Part of this story was included in a previously published story that ran on CNN Business in November.
Workers are walking away from their jobs in record numbers.
In November, 4.5 million people quit their jobs, according to data from the Labor Department released earlier this week.
And they are leaving for a variety of reasons: higher pay, better benefits, more flexible schedules, more fulfilling work, new challenges – including starting their own business – and they’re even retiring early.
And while it’s a hot market for job seekers at the moment, workers should consider the benefits they might be giving up when they leave their jobs.
A big one is employer-sponsored health insurance.
“Most employees know that their employers offer health insurance benefits, but they don’t necessarily always realize how much employers subsidize the cost,” Tami Simon, a corporate consulting leader at employee benefits firm Segal, told CNN Business in November.
Here’s what you need to know about your health insurance options once you call it quits.

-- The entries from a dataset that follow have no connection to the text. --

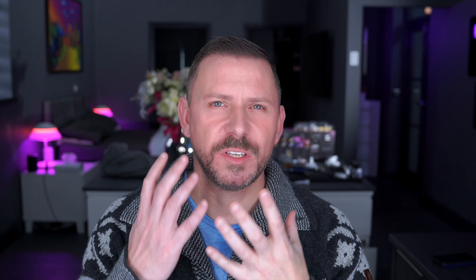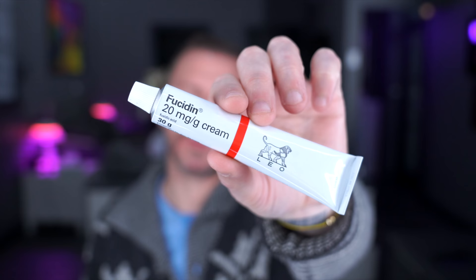When it isn't caused by yeast — we'll call it yeast because it isn't really thrush, but it's a yeast infection — you may need a medicated treatment that contains an antibiotic. Fucidin is the cream, and this works incredibly well when it is an actual infection as opposed to a yeast problem.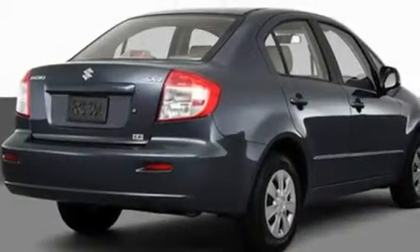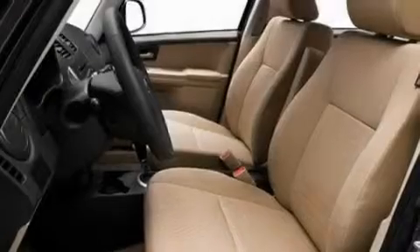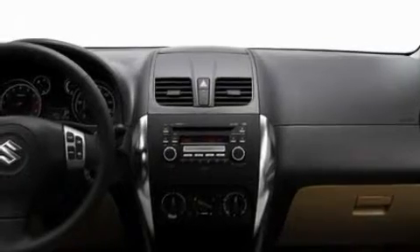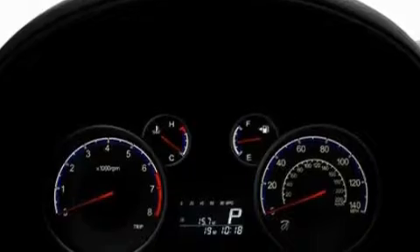Its top features include cruise control, a keyless entry system, a CD player capable of reading MP3s, a leather-wrapped steering wheel, performance tires, aluminum wheels, fog lamps, a low-tire pressure indicator, an anti-lock braking system, and a navigation system.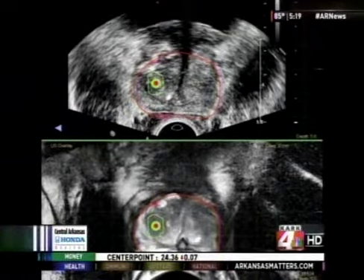In North Little Rock, Deidre Wilson, KARK 4 News. Research shows one in six men will be diagnosed with prostate cancer during his lifetime.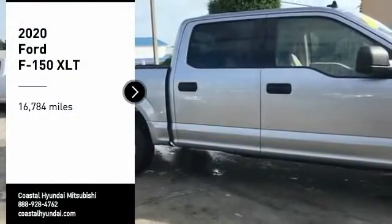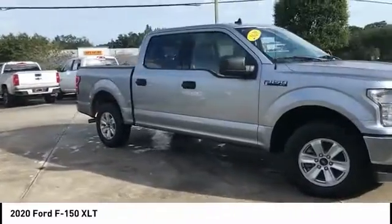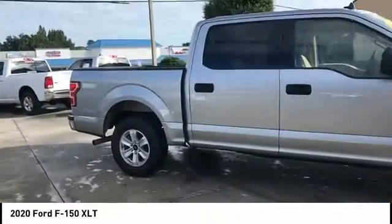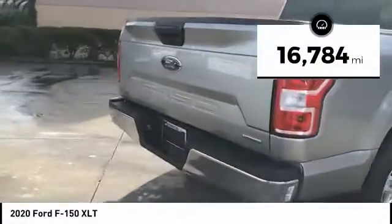Come test drive the 2020 F-150. A Ford F-150 knows how to handle any situation. It's built to follow orders. No whining. This vehicle has less than 20,000 miles.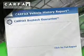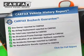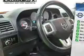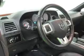Rest easy knowing this vehicle comes with a Carfax Vehicle History Report from Carfax, the most trusted provider of vehicle history information. Great quality at a great price — call or click to contact us today.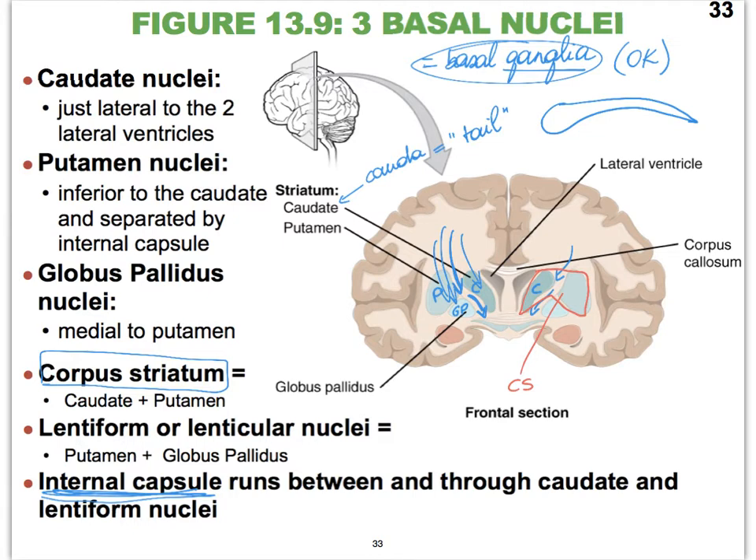On the other hand, if we focus on just the putamen and the globus pallidus, those two together are called the lentiform nucleus — or lenticular nucleus — which means lens-shaped. If we were to look at the putamen and the globus pallidus laterally, they would look like a big lens, and so we call that the lentiform nucleus.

Life after work: Continuing health insurance
The Consolidated Omnibus Budget Reconciliation Act (COBRA) generally requires employers with more than 20 workers to offer a temporary extension of health coverage to former employees, typically for up to 18 months.
“Employers will sometimes subsidize the cost of COBRA, but most don’t,” said Simon. “And employers are permitted to charge up to 102% of the applicable premium for COBRA.”
She added that employers are required to provide a COBRA notice that details an employee’s rights and responsibilities, including coverage costs.
Keep in mind that getting family health insurance on the job costs workers and their employers more than $22,000 a year, on average, according to the 2021 Kaiser Family Foundation Employer Health Benefits Survey. The employee typically pays about $6,000 of the tab, while the company picks up the rest. The average annual premium for a single employee in 2021 topped $7,700 a year. The worker typically pays about $1,300, and the employer covers the remaining charge.
But under COBRA, workers are generally responsible for the entire tab.
(The federal government had provided a COBRA premium subsidy for those who involuntarily lost their jobs and their work-based coverage, but that benefit expired at the end of September.)
Another option is to find Affordable Care Act coverage on the public health exchanges. You can review available plans on healthcare.gov.
Open enrollment for 2022 coverage runs through January 15 in most states. But those who lose their job-based policies can sign up at any time of the year, typically within 60 days of their plan’s termination. The Biden administration also has made it easier to obtain coverage in 2022 through special enrollment periods.
Enrollees are eligible for more generous federal premium subsidies for 2022, as part of last year’s $1.9 trillion coronavirus relief package. Four out of five consumers can find a plan for $10 or less per month after the federal assistance, according to the Department of Health and Human Services.
But without some kind of subsidy – either from the government or from an employer – to help you afford health insurance, purchasing it on your own can be quite costly. So consider your options before you make the decision to leave your job.
“[Health care] is a lot more expensive than people expect,” Isabel Barrow, director of financial planning at Edelman Financial Engines, told CNN Business in November. “It’s really important that you consider that as part of your overall budget before you leave your job.”